Please copy only the material from the line that has "CAMISA CROPPED BLANCA CS" to the very last line, both ends included, exactly as written and without pictures.

=== Section Start ===

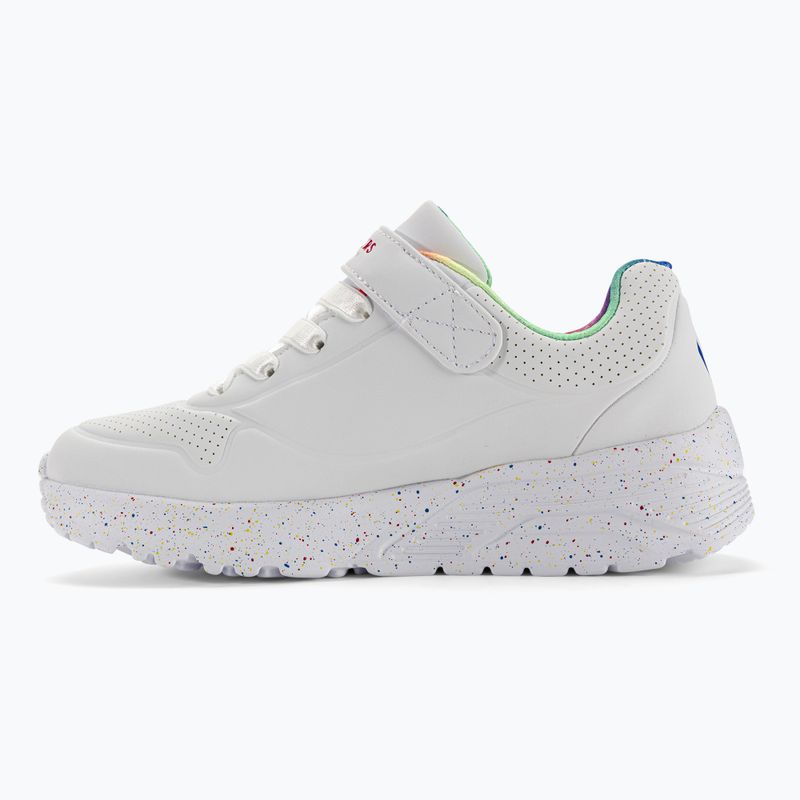 SKECHERS Kinder Turnschuhe Uno Lite Rainbow Specks weiß/multi 10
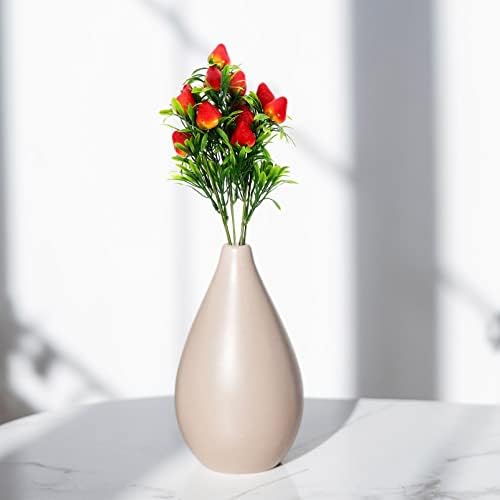 VOSAREA Artificial Strawberry Branch for Home Decor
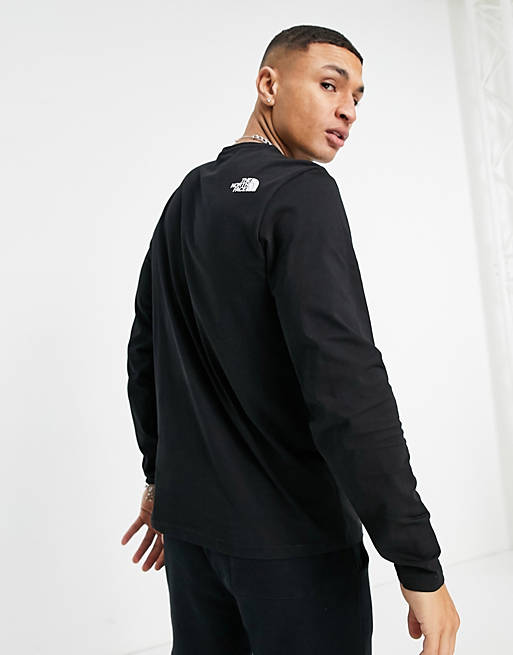 T-Shirts & Vests The North Face Standard long sleeve t-shirt in black 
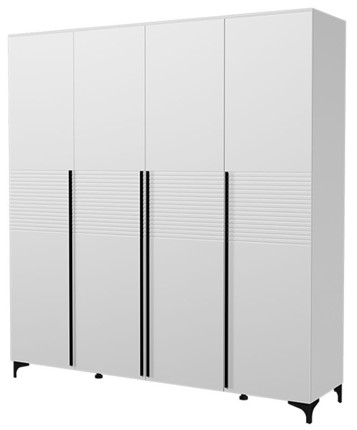 Шкаф четырехстворчатый  Брента ШР-4 (Белый) в Вологде - изображение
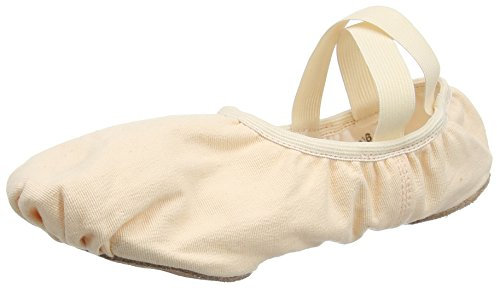 So Danca Women's Sd-sd16_blck_ Ankle Strap Ballet Shoe, Pink, 2 UK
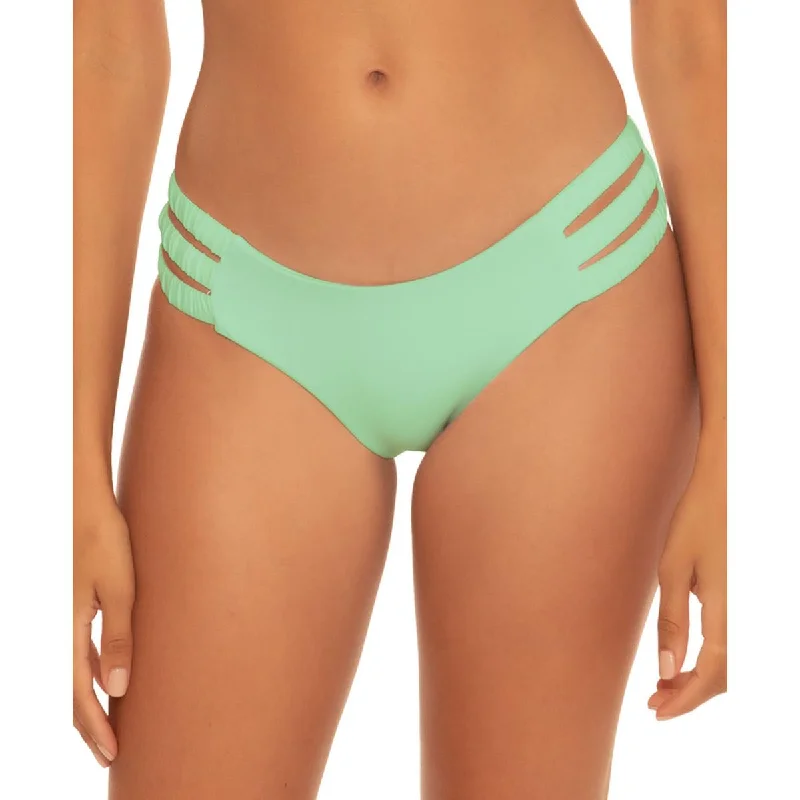 Becca by Rebecca Virtue Womens Strappy Hipster Swim Bottom Separates Elegant Ruffle Swimsuit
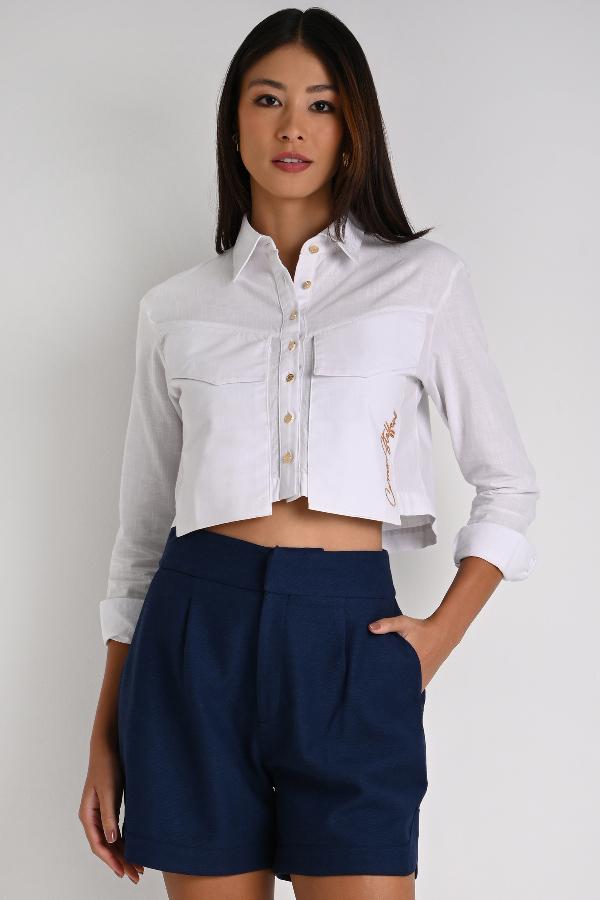 CAMISA CROPPED BLANCA CS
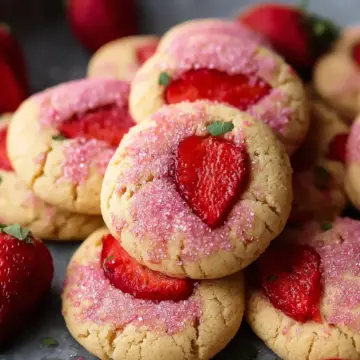 Irresistibly Soft Strawberry Sugar Cookies for Sweet Moments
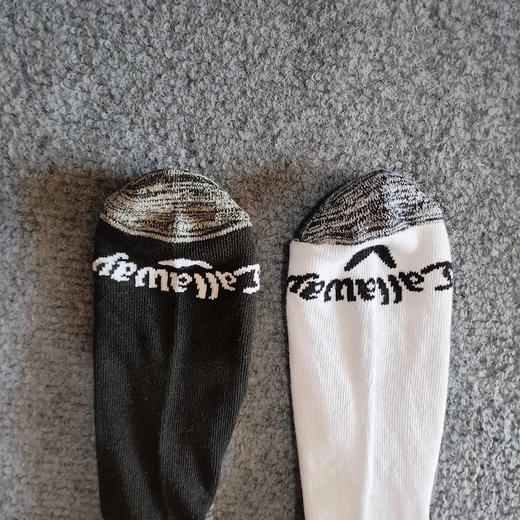 原单正品卡拉威长筒高尔夫球袜，男款均码39-45
只有白色。五双一组 商品图4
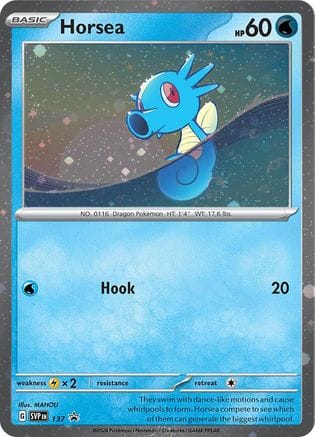 'Pokemon - 'Horsea 137  - Holofoil SV Scarlet & Violet Promo Cards - Promo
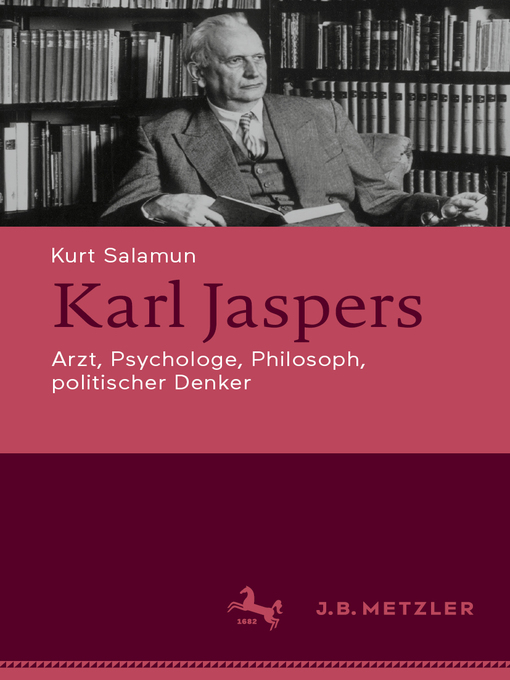 Title details for Karl Jaspers by Kurt Salamun - Available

=== Section End ===

> [Output for this task]
 CAMISA CROPPED BLANCA CS
 Irresistibly Soft Strawberry Sugar Cookies for Sweet Moments
 原单正品卡拉威长筒高尔夫球袜，男款均码39-45
只有白色。五双一组 商品图4
 'Pokemon - 'Horsea 137  - Holofoil SV Scarlet & Violet Promo Cards - Promo
 Title details for Karl Jaspers by Kurt Salamun - Available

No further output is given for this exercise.